In a way, this is precisely where the church finds itself today — engaged in a match full of prevenient successes and mistakes, which, if they remain unknown or uninvestigated, deprive the Christian of the ability not only to make sense of what has already occurred but also to anticipate what might happen next. Consequently, the most trenchant issue plaguing the modern church hails from the colloquial way in which the Christian faith is often apprehended as though in a vacuum. That is to say that one’s engagement with Christian doctrine is done largely without the necessary context for how that doctrine has developed or has been passed down throughout the successive generations of the church. “The discipleship that comes through the study of historical theology,” Dr. Duesing attests, “can aid the onlooker in understanding her new surroundings, what has taken place before, and how to know what should take place next” (5). Failure to understand the dynamic historical context throughout which the body of Christ has been preserved results in a forfeiture of biblical insight and doctrinal wisdom that safeguards the church from error.

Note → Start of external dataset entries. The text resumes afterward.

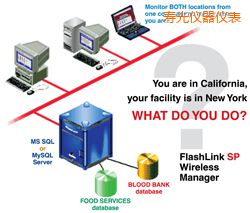 壽光軟件(桌面和網絡托管))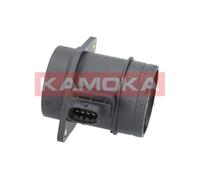 KAMOKA Luftmassenmesser 18041 | 18041 apto para 147 GT Mito Bravo Doblo Punto 199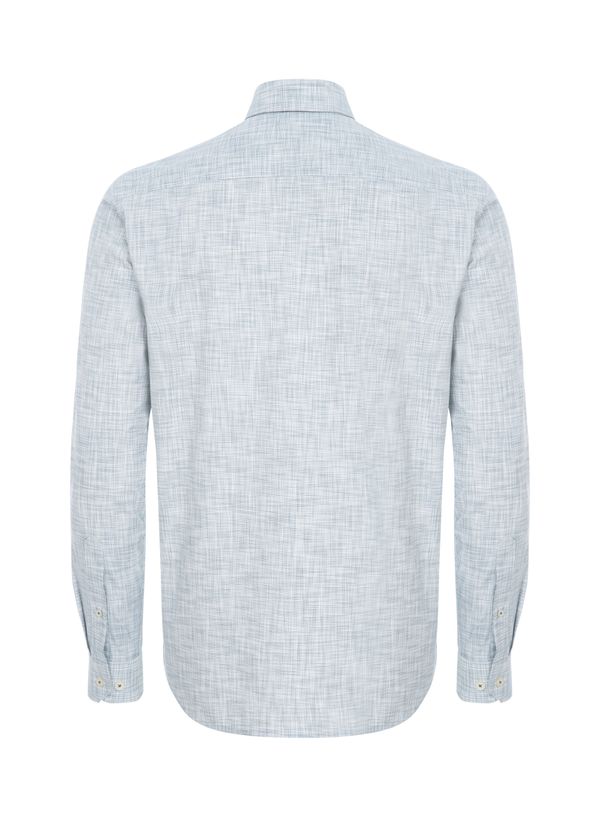 53064234_25_2-CAMISA-ML-SLIM-FT-XADREZ-CANCELADA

For example, according to the 2022 State of Theology survey conducted by Ligonier Ministries and LifeWay Research, 43% of respondents who identified themselves as “evangelical” agreed with the statement that “Jesus was a great teacher, but he was not God.” This, of course, is not a novel theological assertion. Rather, it is a descendant of the major heterodox errors that threatened Christ’s church in the first, second, and third centuries. The opposition to “the faith that was once for all delivered to the saints” (Jude 1:3) manifested in such movements as Docetism, Ebionism, and Gnosticism, each of which sought to segregate Christ’s divinity and humanity, is thus understood to be a decrepit threat that has already been grappled with by the church’s pastors and theologians of the past. No new arsenal is, therefore, needed to combat this threadbare revisionism of Jesus’s identity. Instead, the student of historical theology understands that the best weaponry is derived from a faithful adherence to Scripture, which is bolstered by a faithful retrieval of the theological verdicts of Christianity’s historic faith.
Grace and peace.
Works cited:
Jason G. Duesing and Nathan A. Finn, editors, Historical Theology for the Church (Nashville, TN: B&H Academic, 2021).